Once the above has been procured, set-up the taining in the following way:
Place the rotating table in the wind tunnel. Place the treadmill atop the rotating table. Place your loaded tour bike atop the treadmill facing the wind tunnel fan. Place the rattle snake in the chamber on the ‘shoulder’ side of the treadmill. Add the 5,348 mosquitoes to the chamber. Add the bag of cottonwood fluff to the chamber. Simple enough, yes?
Now, sunscreen-up, climb on your tour bike, and begin pedaling. The key is to keep the bike centered on the white line (representing the fog line) on the treadmill as you pedal. You will have approximately 6 inches on either side of the line to deviate before falling off the treadmill and hurting yourself. Simple enough, yes?
The 'shoulder' on state highway 93 - Posted speed limit = 70 MPH
Next have your assistant turn the wind tunnel fan on and set it to 40mph. That should be a good starting point to simulate a Wyoming headwind. Start pedaling, and remember, don’t deviate more than 6″ on either side of the fog line. Going off the left side would result in being flattened by a semi tractor trailer, an RV, or one of many pickups pulling horse trailers going 80mph.
Jerry riding the vacuum wake of an RV that passed giving minimal clearance
Going off the right side would result in at least an 8″ drop, falling off your bike, and getting bitten by the rattlesnake.
A friend awaits on the shoulder
What??? You are only going 4 mph as hard as you pedal? PEDAL FASTER!
Your assistant will ‘help’ you by rotating the turn table abruptly from time to time to simulate a sudden cross-wind. He will also turn-on the precipitation function of the chamber during one of these sudden wind direction changes and pelt you with sideways rain & pea-size hail. Now stay upright and on the line!
The cottonwood fluff will stick easily to your sunscreened body as they blow about in the chamber and they are fun to inhale too!

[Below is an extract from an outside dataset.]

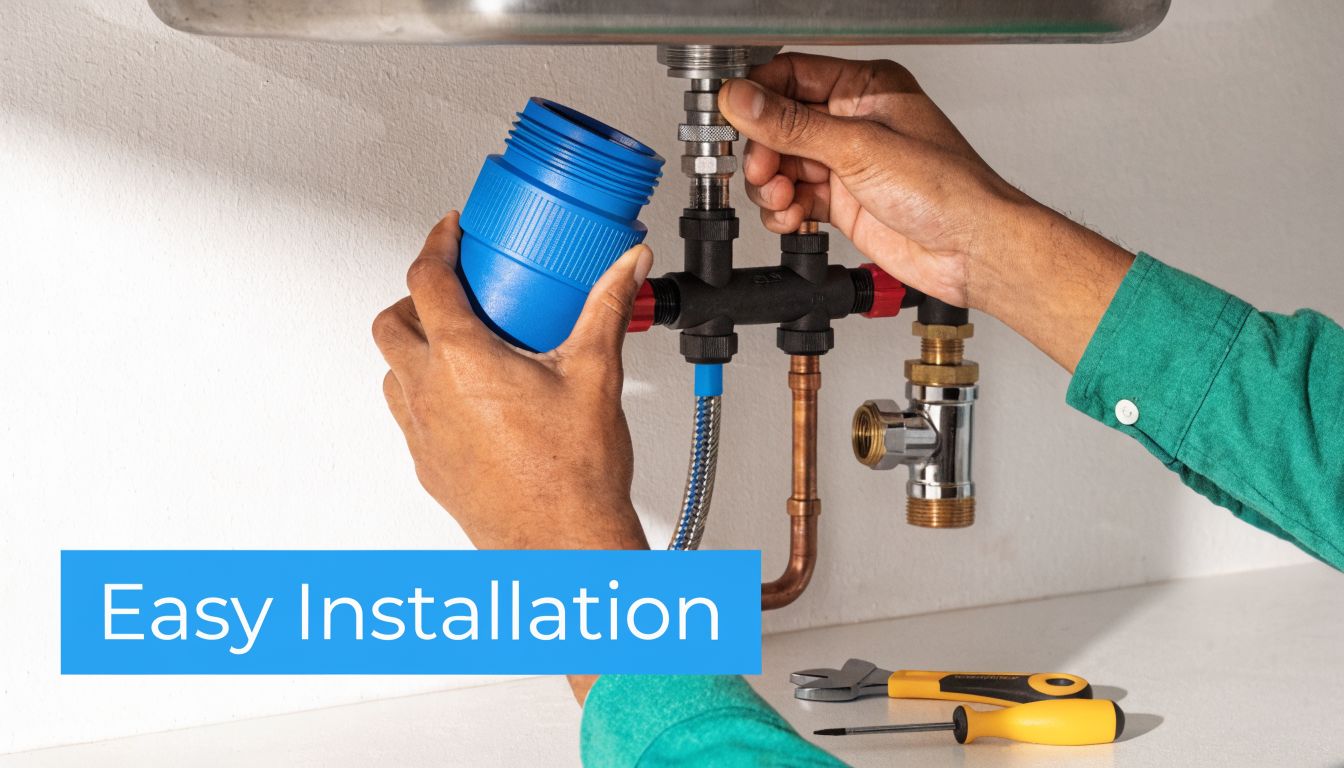 A close-up view of a person installing a Brondell water filter system under a kitchen sink.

As you train you may take as many breaks as you like. With each break your assistant will turn the fan down to 10 mph and the mosquitoes will be free to feast. You never have enough mosquito spray to effectively stop them all, so think carefully about which parts of your body you want to protect. The mosquitoes tend to bite you on your butt because it is in a wind ‘eddy’ as you ride. They also bite anywhere you cannot see and reach. Ankles, hairline, and shoulders are some of their favorite spots. (Hint: Best to spray the parts of your body you cannot easily reach. You can always flail about trying to hit those you can see. It is a better use of the spray and more entertaining for passersby that way)
It’s your choice: Pedal in the 40 mph wind or stop and be eaten alive.
To finish the experience, your assistant will need to change the temperature of the chamber from about 90 degrees to 38 degrees every so often. He should also step into the chamber, take a swig of beer, and hollar ‘Get out of the road!’ while tobacco juice spits from his mouth. He should sound the diesel airhorn for about 15 seconds each time to simulate the Wyoming and Montana resident attitude towards cyclists.
A Montana resident inspects his rig before heading out to hunt cyclists
There now. Ready for the Big Sky Country?